- Location: McHenry County, Illinois
- Coordinates: 42°14′22″N 88°15′29″W﻿ / ﻿42.23944°N 88.25806°W
- Type: Glacial lake
- Basin countries: United States
- Surface area: 80 acres (320,000 m^{2})
- Average depth: 9.8 ft (3 m)
- Max. depth: 39 ft (12 m)
- Water volume: 15,000,000 ft^{3} (426,000 m^{3})
- Surface elevation: 814 ft (248 m)
- Settlements: Cary, Illinois

= Lake Killarney (Illinois) =

Lake Killarney is a subdivision surrounding a private lake located to the west of the Fox River in unincorporated Cary and Crystal Lake, Illinois. It is located 45 mi northwest of Chicago. Lake Killarney residents have exclusive lake rights to an 80 acre spring fed lake.

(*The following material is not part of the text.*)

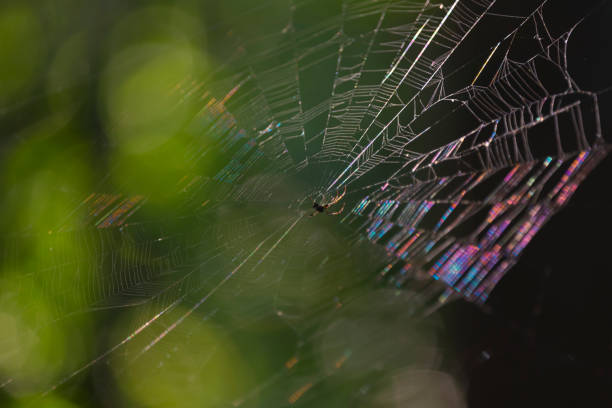 istock The close up of spider web in the forest 879825308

The Lake Killarney Home Owners Association was incorporated March 15, 1962, and is the sole owner of the "Common Properties" known as Lake Killarney (the lake itself), its two beaches, parkland areas, along with various sections of property surrounding the lake.

== Lake Killarney Lake ==
Lake Killarney is an 80 acre glacial lake located in McHenry County, northwest of Cary. The lake has a maximum depth of 40 ft, an average of 10 ft, and a storage capacity of 345 acre.ft. Lake Killarney serves as a recreational lake for its residences. Residents practice catch and release to assure the fish stay plentiful. A valid Illinois Fishing license is required. Swimming, fishing, row-boating or canoeing, and sail-boating are the major uses of the lake. Access is limited to subdivision members only. No motors of any kind are allowed on the lake.